Second, spelling and transcription errors can inflate L while having little effect on N.   Mandarin uses only 1300 syllables (~18%) out You are not allowed to view links. Register or Login to view. by the known phonetic constraints of the language. That means that changing one phoneme in a random syllable will, with high probability, increase the lexicon size L -- even if the change respects the phonetic constraints. 

Thus, when comparing lexicon sizes, it may be prudent to exclude word types that occur only once or twice.  Or maybe even more, depending on the rate of errors.

The Starred Parags section (SPS)  of the VMS has, by my count, N = 10875 tokens and L = 2749 word types.  The TTR would then be ~0.25, and Heap's K would be ~26.4.  if we exclude word types that occur only 1 or 2 times, we get L = 591 word types in N = 8386 tokens; the TTR drops to ~0.070 and K drops to ~6.45.

For comparison, that text above (which is Mandarin Chinese obfuscated by a weird but one-to-one spelling system, with no spelling errors) has L = 587 word types and N = 9458 tokens; the TTR is ~0.062 and Heap's K is ~6.03.  Excluding words that occur only once or twice, we get L = 376 and N = 9170, giving TTR = ~0.041 and K =  ~3.92.

Third, one must not forget that statistics -- word and character frequencies, correlations, Zipf's and Heap's law, etc -- are a property of a text, or a specific collection of texts -- not of a language.  There is no such thing as "the frequency of 'e' in English", "the most common word in Latin", "the Heap K of Mandarin".  Even if the dialect and spelling are fixed, those statistics are greatly affected by topic, style, nature of the text, cost of vellum, etc.  One can have a meaningful and grammatically correct text in English with 50'000 tokens and only 100 word types -- that does not use the word "the" even once.

Quote:All of which leads to wrapping this back around to discussing Stolfi's theory [...]. It's not *impossible* that Stolfi has stumbled into a solution with his approach, but [...] I think it is far more likely that he has fallen prey to the siren call of the "crib" that has lured so many mariners sailing on the treacherous seas of the Voynich Mss to their doom.

Well, what can I say?  I think that the matches I have found are quantitatively categorical.

Note that my solution is very different from most other proposals. I don't know what is the language and the encoding, but I claim that I have identified a specific plaintext (the SBJ) whose structure  matches the SPS much better than could be expected by chance.  Specifically, I have a small dictionary (the "cribs") such that those words occur in the SBJ with spacings that are very closely proportional to the spacings of the corresponding words in the SPS.  

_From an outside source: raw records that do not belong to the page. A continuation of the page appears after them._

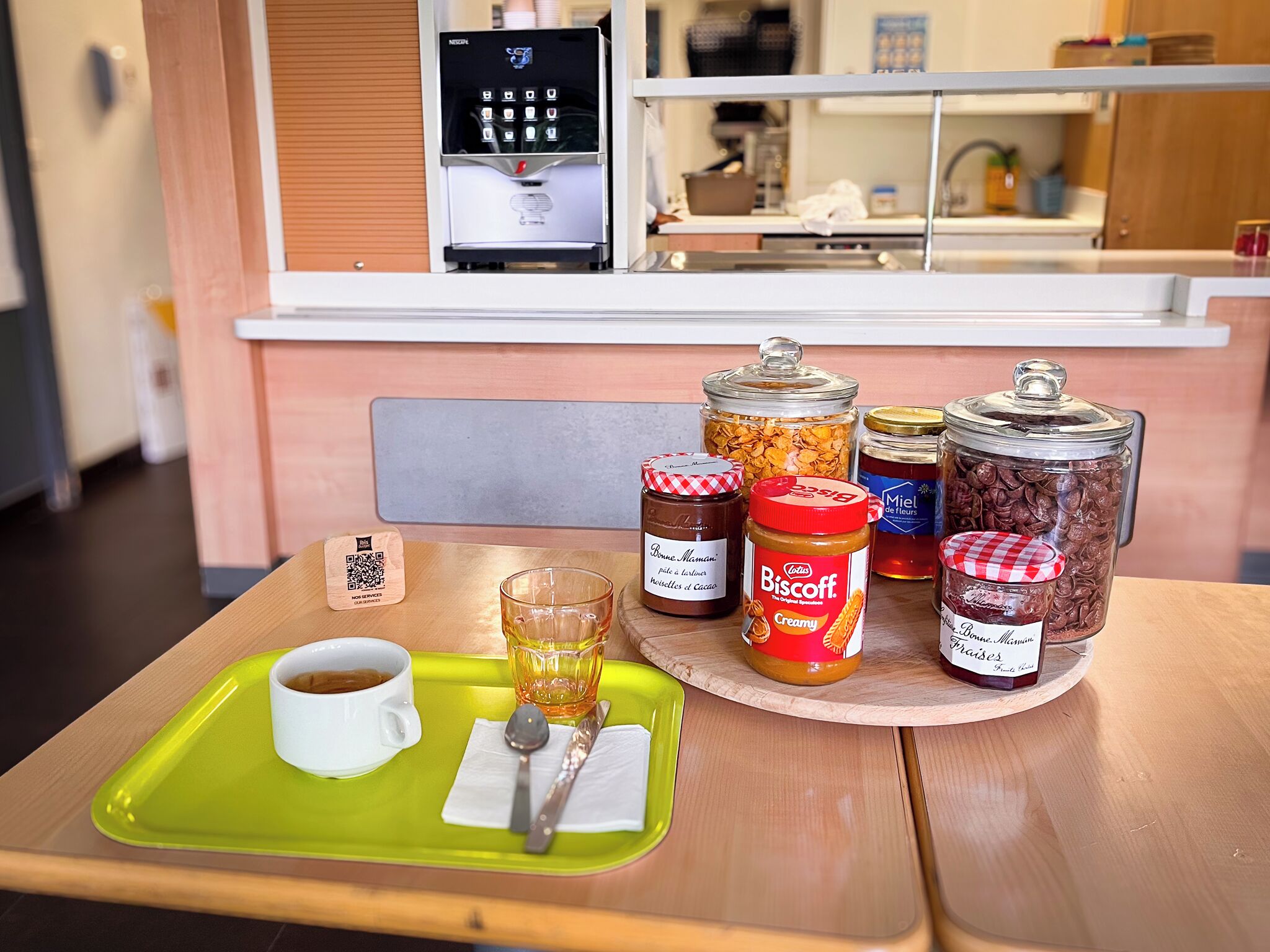 A breakfast tray with a cup of coffee, a glass of juice, and various condiments on a wooden table.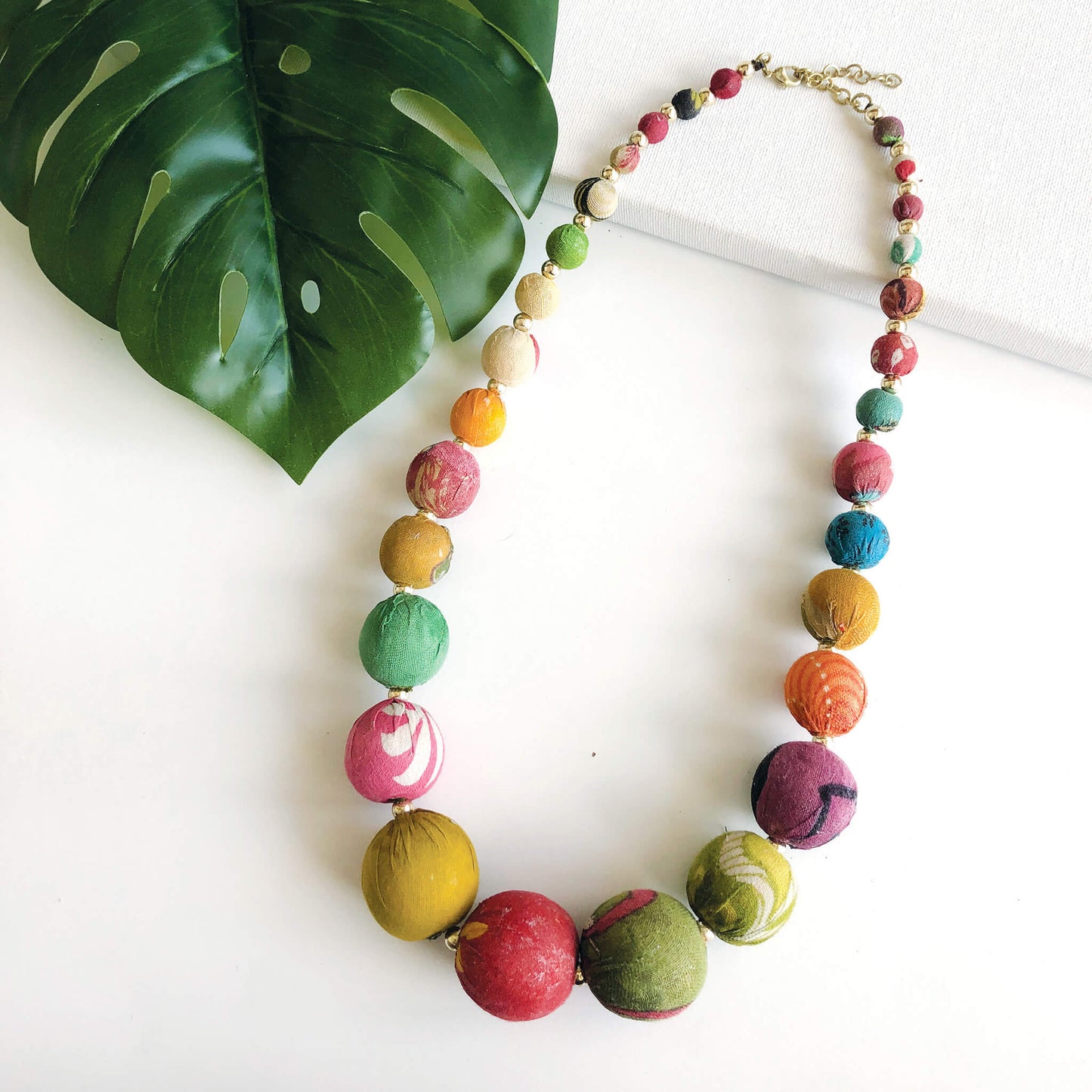 A multicolor strand of textile-wrapped beads forms this necklace.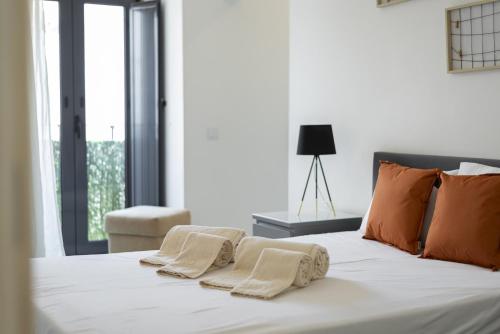 une chambre avec un lit blanc avec des serviettes dessus dans l'établissement Marggisa - City Center by HD, à Faro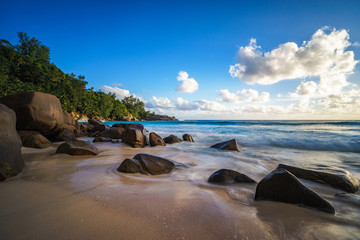 Fototapeta na wymiar sunset in paradise.shadows of rocks,tropical beach,anse intendance,seychelles 15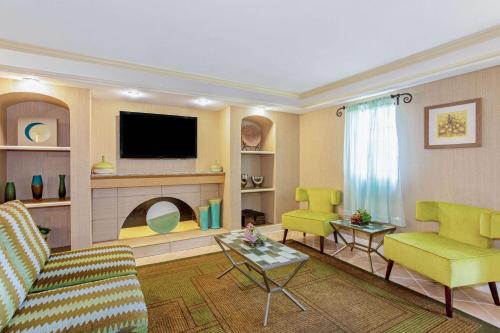 a living room with a couch and chairs and a tv at La Quinta Inn by Wyndham Orlando Airport West in Orlando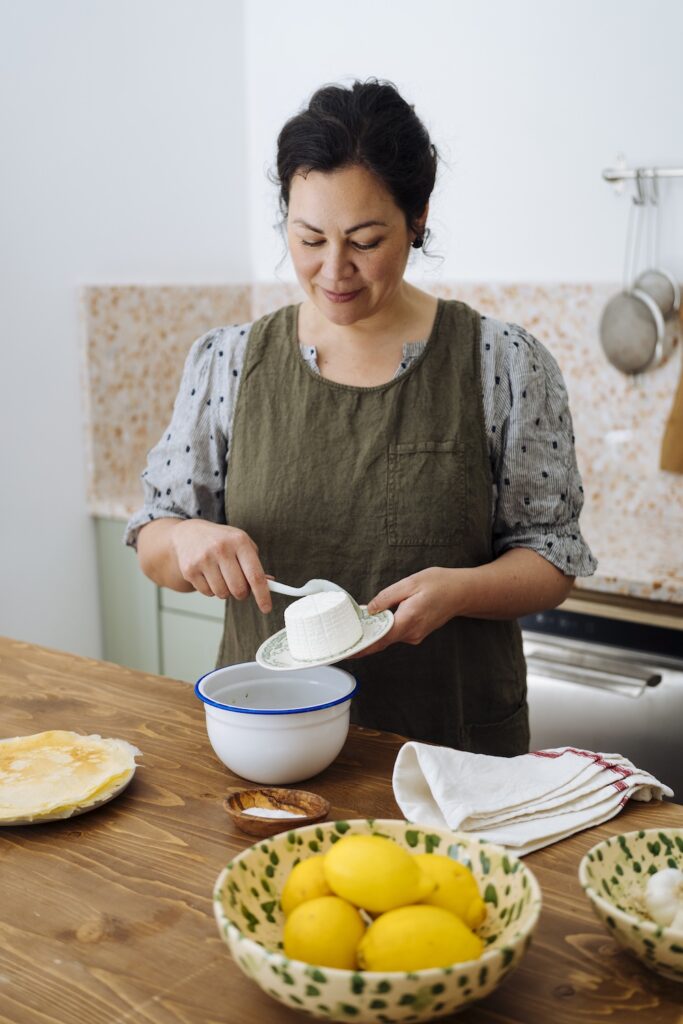 Cookbook author Emiko Davies preparing fresh ricotta in her kitchen, with lemons and traditional ingredients on the table.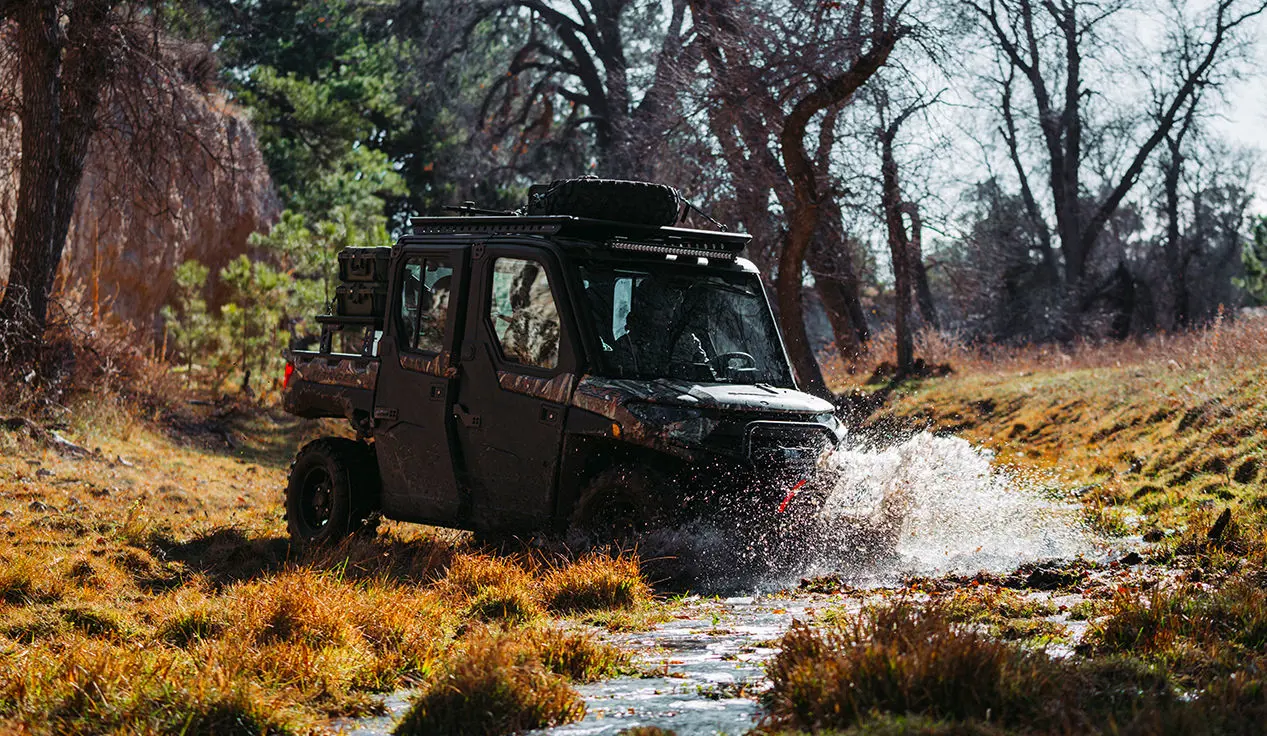 a polaris ranger crew xp 1000 northstar big game edition utv driving through a stream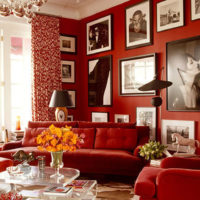 Paintings on the red wall in the living room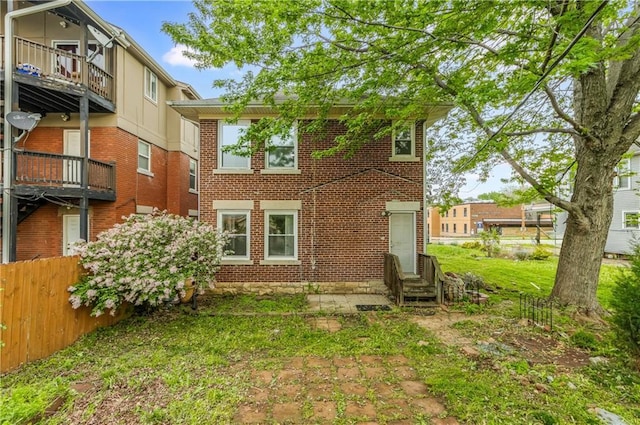 back of house with entry steps and brick siding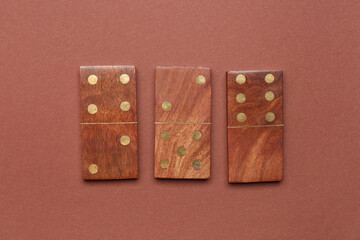 Wooden dominos blocks on brown background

AFAIK there haven't been many such proposals yet.  Maybe the "Book of Enoch" theory is one.  I know of another proposal for a specific Kabbalistic book in Hebrew.  Presumably such proposals are rare because they are unlikely to work for more than a few pieces of the text, and break down when one tries to extend them beyond that scope.

Quote: What he *should* be doing -- again, IMHO -- is taking texts in one or more SE Asian languages (dealer's choice), assigning some scheme for representing them with Voynich glyphs, simulating whatever "confused ignorant scribe" error processes he thinks are there, and then showing that you wind up with something that -- quantitatively, and for all the "greatest hits" properties (including "babble-like sequences of similar words") -- looks like Voynichese.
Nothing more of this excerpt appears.